Service Learning
A Graduation Requirement
Los Angeles Unified School District incorporates Service Learning as a component to earn a diploma for students. All students who will be graduating from Chatsworth Charter High School have the opportunity to complete a Service Learning project.
How will Chatsworth Charter High School integrate Service Learning into the classroom?
Students will engage in the service learning through their U.S. History course with the course teacher.
Can students complete a Service Learning project on their own?

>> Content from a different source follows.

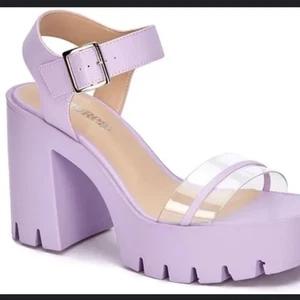 Andrea klobige Plateau-Sandalen – lavendel + transparente Riemen – Größe 9 – gebraucht, in einwandfreiem Zustand - Bild 1 von 11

CCHS expects all students to successfully complete a classroom-based Service Learning project. Provisions will be made for all eleventh grade students to work on a school-supervised Service Learning project. Each project must have administrative approval and be supervised by a teacher or administrator. Students will not be able to fulfill the requirement on their own.
WHAT IS SERVICE LEARNING?
Service Learning is a teaching/learning strategy in which students learn and develop through active participation in high quality service that meets the needs of a community. Service Learning strategies integrate into and enhance the rigorous academic curriculum. Service Learning is aligned with the state standards, fosters civic responsibility, and provides structured time for student reflection.
ELEMENTS OF HIGH-QUALITY SERVICE-LEARNING
- Core Academic Learning - The service experience enhances the knowledge, value, or skill goals of the class or school. The service-learning experience is an effective instructional strategy that is aligned to the state content standards identified for the course.
- Meaningful Service - The service experience helps to increase each student's sense of civic responsibility, meets a real need in the community as defined by the community, is appropriate to the student's age or development, is well organized, and results in a valued outcome.
- Student Voice - Students assist in planning, implementing, and evaluating the service-learning experience.
- Reflection - Students reflect prior to the service-learning experience to plan and prepare for the activities, during the experience to review and assess, and after the service-learning experience to evaluate the process and the activities.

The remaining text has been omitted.